From tips to parental leave and recruitment, top employment lawyer dissects five new laws that will come into effect January
Earlier this year, California Gov. Gavin Newsom signed several bills into laws – many of which impacted state-wide employment legislation. The new laws, most of which are coming into effect January 2022, impact everything from employee tips to parental leave and recruitment strategies. HRD spoke to Navid Kanani, trial employment lawyer at JS Abrams Law, who talked us through five emerging workplace legislations set to rock Californian employers in the months to come.

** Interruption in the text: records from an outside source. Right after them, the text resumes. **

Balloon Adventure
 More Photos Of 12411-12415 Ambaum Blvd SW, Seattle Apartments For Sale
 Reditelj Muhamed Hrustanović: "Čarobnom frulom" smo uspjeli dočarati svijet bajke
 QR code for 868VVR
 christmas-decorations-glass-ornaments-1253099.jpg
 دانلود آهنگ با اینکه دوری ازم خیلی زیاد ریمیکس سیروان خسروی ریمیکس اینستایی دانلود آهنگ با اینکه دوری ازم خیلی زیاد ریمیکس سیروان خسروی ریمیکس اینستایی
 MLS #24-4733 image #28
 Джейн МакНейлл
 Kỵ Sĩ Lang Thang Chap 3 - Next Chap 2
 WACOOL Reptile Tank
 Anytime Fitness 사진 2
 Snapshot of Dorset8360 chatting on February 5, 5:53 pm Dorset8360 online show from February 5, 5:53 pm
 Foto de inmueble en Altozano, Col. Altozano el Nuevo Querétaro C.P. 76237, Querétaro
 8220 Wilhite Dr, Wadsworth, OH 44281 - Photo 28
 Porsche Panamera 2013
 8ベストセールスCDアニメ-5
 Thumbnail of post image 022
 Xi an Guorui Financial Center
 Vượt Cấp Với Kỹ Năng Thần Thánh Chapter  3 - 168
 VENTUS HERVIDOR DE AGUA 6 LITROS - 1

Employers will soon have to change how and why they notify employees of COVID-19 contaminations in their workplace. Assembly Bill 654 revises the language used in AB 685 – notably that employers are now obligated to tell workers who were on the premises at the same time as the infected individual.
“AB 654 requires the employer to notify all employees who were on the work premises at the same worksite as an individual infected with COVID-19,” Kanani told HRD. “Previously, the employer only had to notify employees if they were directly exposed to somebody that has COVID-19. This new law broadens the scope of exposure notification to any and all employees known to be on the same site, not just those employees in close contact with the infected employee.”
Notice of job openings to laid-off workers
The pandemic hit all employers hard – but not necessarily equally. The hospitality sector was nearly decimated by lockdowns and closures, meaning many employers had to implement lay-offs. Under Senate Bill 93, employers have a legal obligation to inform any laid-off employee of job openings in their company.
“If an employee has worked for a company for six months or longer, prior to January 1, 2020, and they’re laid off because of the pandemic, employers in that industry have to provide notice of job openings to these employees,” added Kanani. “This is to ensure they can be recalled after the layoff. Now, in essence, the law dictates that if the worker is a qualified employee, the employer has to give them notice that they have job openings, so as to provide the opportunity to return to the company.”
Read more: Pandemic unemployment benefits to end – what now?
Displaying public orders online and emailing information to employees
A new law dictating how and where public health organisations deliver updated regulations has arisen – namely that all guidelines must now be posted on the company’s website.
“Under Senate Bill 336, it’s a requirement that the public health associations, such as the State Department of Public Health here in California, when issuing state-wide orders or mandatory guidance, must post such orders on their website too,” Kanani told HRD. “These notice requirements are becoming a big deal in California because the situation is changing so rapidly - this information needs to become easily accessible to the public.”
In another step towards easily dissemination of information, SB 657 allows employers some lenience in sharing posted information. “SB 657 allows employers to email information and attachments they are required to physically post to employees,” added Kanani. “Given many workplaces going remote, this is welcomed news for employers and employees alike.”
Expansion of leave laws
Assembly Bill 1033 dictates that ‘parent-in-law’ now applies to the definition of a parent in cases of medical leave and family care rights under the California Family Rights Act. The bill also now applies to smaller companies with more than five employees.
“This one is interesting because it has expanded the definition of ‘parents’ to also include parents-in-law,” added Kanani. “That's important because the California Family Rights Act allows for an employee who has a child with illness or disability to request accommodations in the form of a leave of absence. Previously, let's just say you’re a father-in-law to a child with these needs, this law didn't apply to you. Also, this law previously only applied if a company had 50 or more employees. With the reduction in the number of employees required for other leave laws, I’m sure smaller businesses will be watching with extreme trepidation on whether the CFRA laws will follow suit.”
Food delivery workers to keep their tips
One of the more celebrated laws to come into fruition in 2022 will be Assembly Bill 286. This law effectively means that any food delivery worker will legally have the right to keep any and all tips provided by their customers. It will be illegal for any company to keep their staff’s tips – whatever the amount.
“Both nationally and state-wide, there's huge battles with delivery platforms that’re trying to fight employee status for these individuals,” added Kanani. “They’re alleging that drivers are independent contractors - not employees – in an effort to skirt the employers’ share of taxes and providing medical insurance. It's a very interesting battle between these drivers and the big, billion-dollar tech companies over certain benefits or requirements for employees. Personally, this law is one of my favourites as it puts the full amount of these tips in the drivers’ pockets.”